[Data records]
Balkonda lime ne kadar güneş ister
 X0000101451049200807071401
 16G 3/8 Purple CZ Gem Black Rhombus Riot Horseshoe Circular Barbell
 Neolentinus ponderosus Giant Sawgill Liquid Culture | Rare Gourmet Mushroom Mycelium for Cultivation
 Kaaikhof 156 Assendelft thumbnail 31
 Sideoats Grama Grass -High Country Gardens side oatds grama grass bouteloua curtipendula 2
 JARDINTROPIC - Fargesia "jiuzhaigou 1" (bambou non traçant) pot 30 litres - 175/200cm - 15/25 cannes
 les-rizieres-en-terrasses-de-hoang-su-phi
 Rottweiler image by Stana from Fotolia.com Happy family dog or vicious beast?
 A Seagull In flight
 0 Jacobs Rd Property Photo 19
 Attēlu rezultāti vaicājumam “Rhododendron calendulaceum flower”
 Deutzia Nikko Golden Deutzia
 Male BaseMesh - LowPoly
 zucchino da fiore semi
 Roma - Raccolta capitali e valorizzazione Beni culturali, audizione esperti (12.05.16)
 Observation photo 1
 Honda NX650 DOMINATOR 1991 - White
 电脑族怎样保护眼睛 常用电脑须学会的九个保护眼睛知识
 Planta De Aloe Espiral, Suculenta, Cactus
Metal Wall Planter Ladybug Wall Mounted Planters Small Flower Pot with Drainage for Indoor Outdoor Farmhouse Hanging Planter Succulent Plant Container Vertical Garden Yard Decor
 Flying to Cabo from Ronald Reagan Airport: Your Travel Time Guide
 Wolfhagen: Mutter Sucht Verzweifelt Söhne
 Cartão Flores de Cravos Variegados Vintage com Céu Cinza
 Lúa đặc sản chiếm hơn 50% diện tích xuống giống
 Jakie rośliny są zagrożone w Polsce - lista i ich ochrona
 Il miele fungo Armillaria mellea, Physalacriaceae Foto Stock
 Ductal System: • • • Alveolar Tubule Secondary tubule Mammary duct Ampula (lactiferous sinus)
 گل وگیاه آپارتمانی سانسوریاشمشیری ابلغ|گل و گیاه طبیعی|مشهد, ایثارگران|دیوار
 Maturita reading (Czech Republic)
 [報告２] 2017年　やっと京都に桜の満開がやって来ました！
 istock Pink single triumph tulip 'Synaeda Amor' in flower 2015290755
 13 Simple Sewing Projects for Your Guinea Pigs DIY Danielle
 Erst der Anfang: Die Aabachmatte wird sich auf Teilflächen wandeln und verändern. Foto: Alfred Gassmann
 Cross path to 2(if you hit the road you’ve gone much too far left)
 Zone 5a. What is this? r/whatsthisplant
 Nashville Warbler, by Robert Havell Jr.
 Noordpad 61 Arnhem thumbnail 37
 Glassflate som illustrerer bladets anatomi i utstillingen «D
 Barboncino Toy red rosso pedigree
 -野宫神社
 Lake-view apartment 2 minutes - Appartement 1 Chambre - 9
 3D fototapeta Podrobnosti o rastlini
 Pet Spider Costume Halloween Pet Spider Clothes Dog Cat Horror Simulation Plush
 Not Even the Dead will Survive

▶ PROBLEM DESCRIPTION
Above are the entries. Output exactly the lines beginning with the line that has "Zone 5a. What is this? r/whatsthisplant" and ending with the line that has "3D fototapeta Podrobnosti o rastlini".

▶ TASK ANSWER
 Zone 5a. What is this? r/whatsthisplant
 Nashville Warbler, by Robert Havell Jr.
 Noordpad 61 Arnhem thumbnail 37
 Glassflate som illustrerer bladets anatomi i utstillingen «D
 Barboncino Toy red rosso pedigree
 -野宫神社
 Lake-view apartment 2 minutes - Appartement 1 Chambre - 9
 3D fototapeta Podrobnosti o rastlini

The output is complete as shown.